On 20 July, the US Embassy in Havana officially reopened, marking the culmination of the policy of détente begun in December 2014. Although the trade embargo remains, for the most part, in place – it can only be lifted by Congress and not the president – perceptions of the US as a hostile force in Cuba are changing, and fast. But is the diplomatic thaw likely to be reflected in greater openness to economic reform, or increased scope for participation and diversity of opinion within the country?
In 1961, at the height of the Cold War, Washington cut diplomatic ties with Cuba. The revolutionary government in Havana declared its “socialist character”, and found a powerful ally in the USSR. This was the beginning of a long period of seemingly irreconcilable enmity between Castro’s Cuba and the US. Cuban emigrants settling in Florida and New Jersey formed an influential lobby which, together with the conservative establishment in Washington, would continue to fuel anti-Castro sentiment in the US for two and half decades after the end of the Cold War.
While the embargo policy adopted by Washington dealt a major blow to the Cuban economy, in political terms the rivalry with the US proved to be an invaluable source of stability. For over half a century, every conflict on the domestic front could be framed as part of the larger battle between Cuba and the enemy abroad. More than any of the teachings of Marx or Lenin, this rivalry provided crucial legitimation for Cuba’s single-party state. There could only be one party, as any others would be exploited by the forces of imperialism to destroy the revolution. Opponents of the regime were labelled mercenaries of the US; dissenters were condemned as a “fifth column”. Pluralism in the media was unthinkable: in the war with the US, the ranks needed to be kept tightly closed.
Credit: Day Donaldson (Flickr, CC-BY-2.0)
Limited reforms rather than regime change
In this light, the easing of international tension now presents the government in Havana with significant domestic challenges. As pressure from abroad decreases, expectations of increased freedoms at home are growing among the population. Accordingly, the government must tread a very narrow path: on one hand, it is anxious to avoid any appearance of losing control, and firmly rejects any suggestion of democratisation in the form of a political regime change. On the other, Fidel Castro’s successor, Raúl Castro, and his administration are seeking to establish a discourse of reform which goes beyond economic issues and promises a limited, gradual process of change extending into the political and social arena.
Visible signs of this “slow-motion glasnost” include the government’s announcement, in late February, of a reform of Cuba’s electoral system. Even though the move is clearly not intended to bring about free elections in the western sense, the debate sparked by the announcement was remarkable. When the Communist Youth newspaper set up an online forum on the issue, political demands were made with a forthrightness which would have been inconceivable in the past, ranging from direct election of the head of state and clear separation of the executive and legislative branches to an open call for a multi-party system.

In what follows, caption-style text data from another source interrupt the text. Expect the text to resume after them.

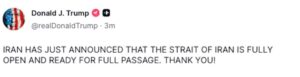 Hormuz Strait opened after 49 days, big announcement from Iran, big relief to the world and India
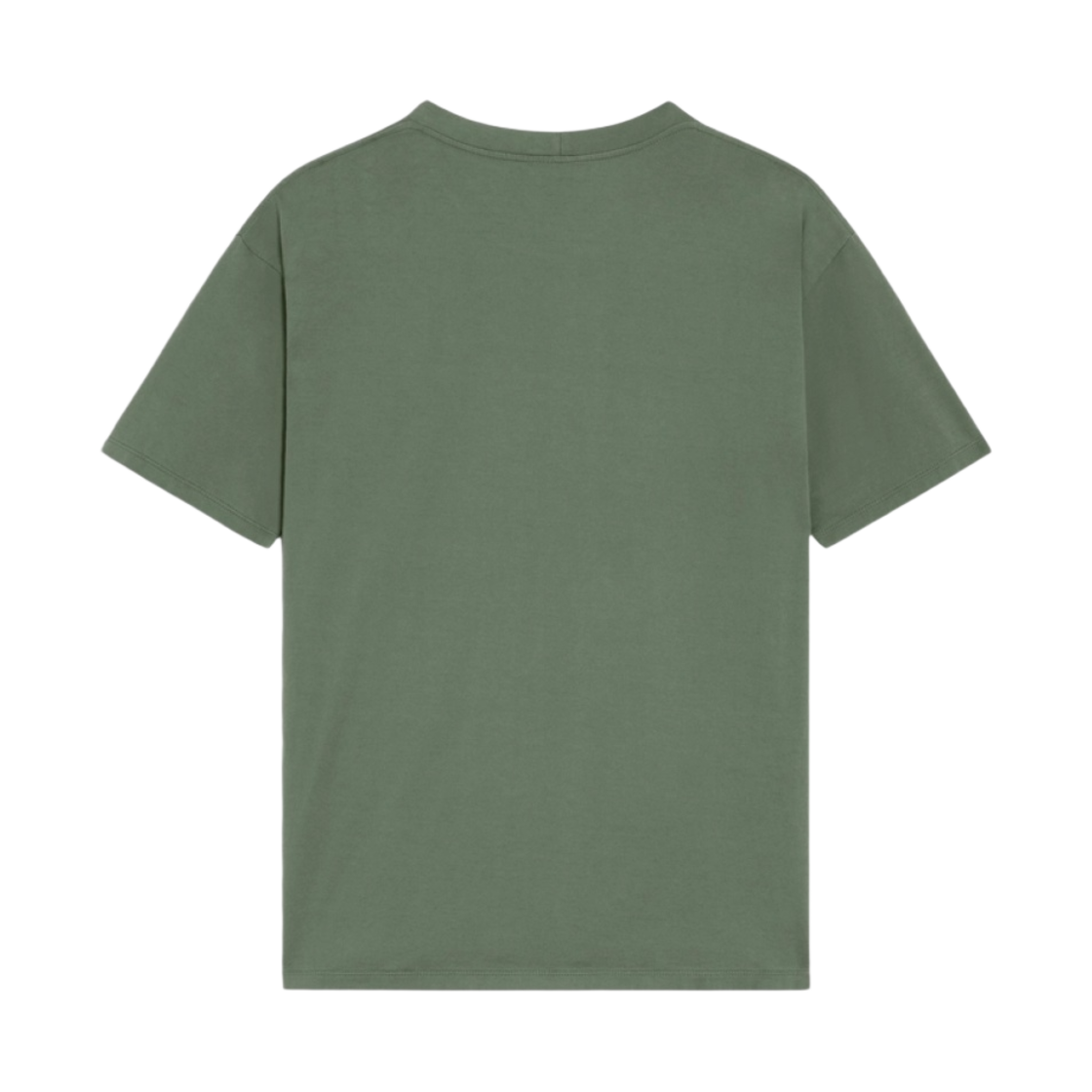 셀린느 코튼 저지 루즈 티셔츠 카키 오프 화이트(Celine Loose T-Shirt in Cotton Jersey Khaki Off White) - 2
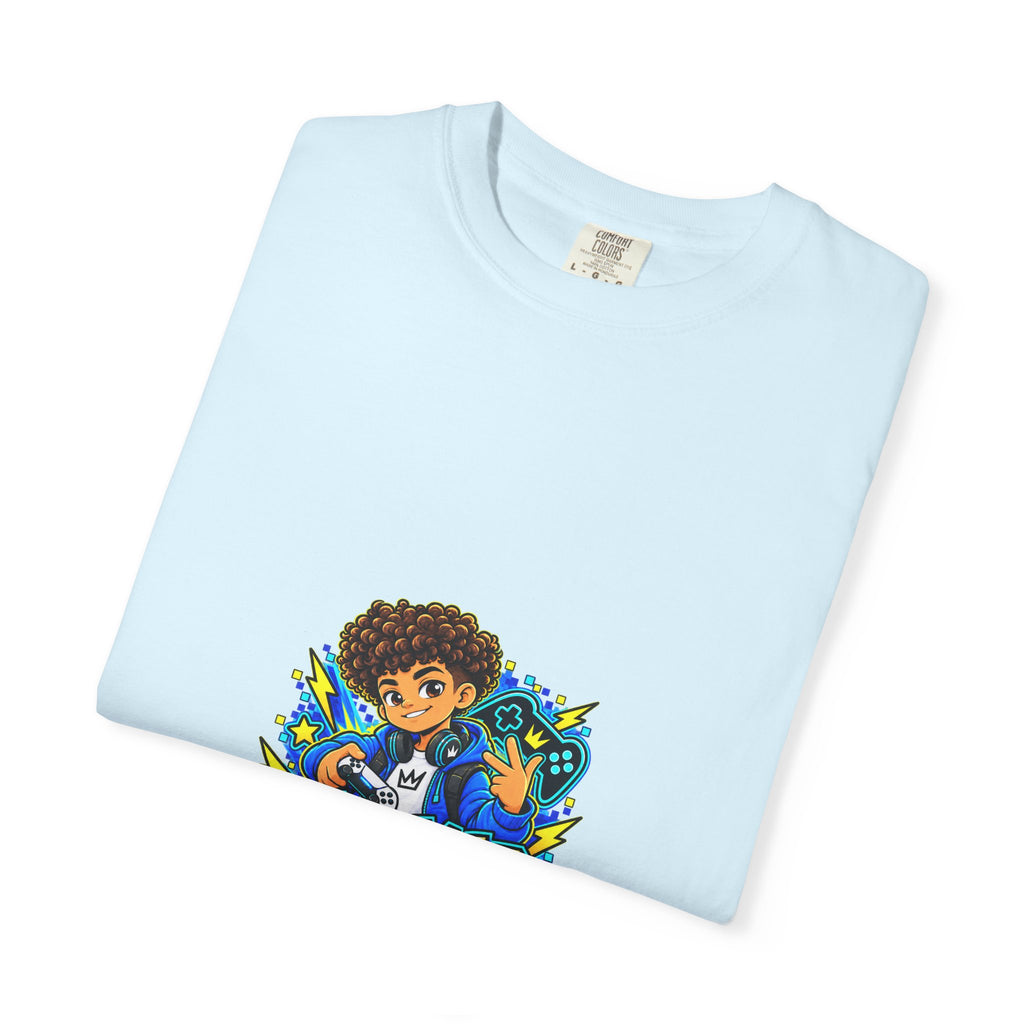 Level Up Crew – Miles “Game On” Graphic Tee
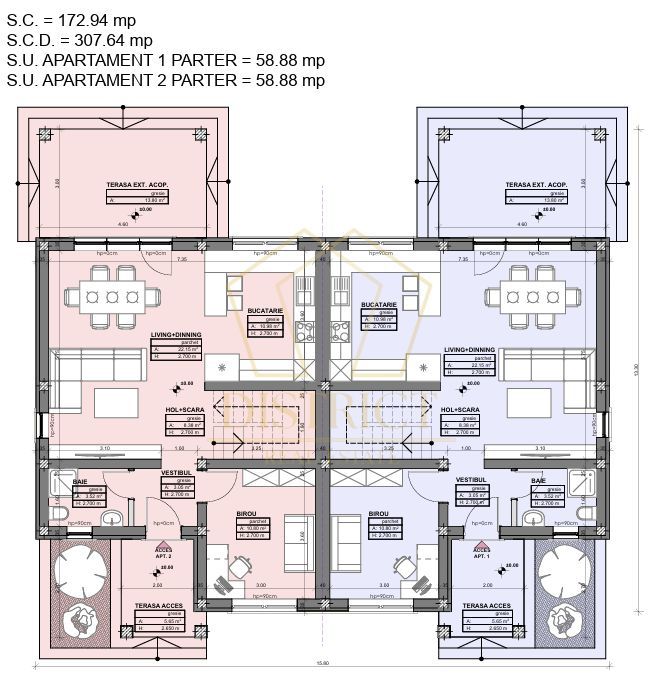 0%COMISION Duplex deosebit cu 5 camere | Valery | Mosnita - Schiță 18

Public Wi-Fi but no independent demonstrations
A further example is access to the internet. In this regard, Cuba is the most restrictive country in the continent. The measures enacted by President Obama last December include access to the Cuban market for US internet companies. In spite of its concerns about ideological infiltration, the Cuban government did not react with harsher restrictions, but instead took further steps towards a gradual increase in openness. In late June, a number of public Wi-Fi access points were set up in the Cuban capital, and the prohibitively high access costs were lowered. What is more, a leaked government development plan provides for continued expansion of broadband connections in the coming years.
As far as the state-run media is concerned, signs of greater permissiveness in relation to critical reporting remain few and far between. Meanwhile, however, numerous digital publications have arisen in the public domain which overstep the traditional limits of the Cuban media landscape by a wide margin. These publications exist in a legal grey area, but are tolerated in practice.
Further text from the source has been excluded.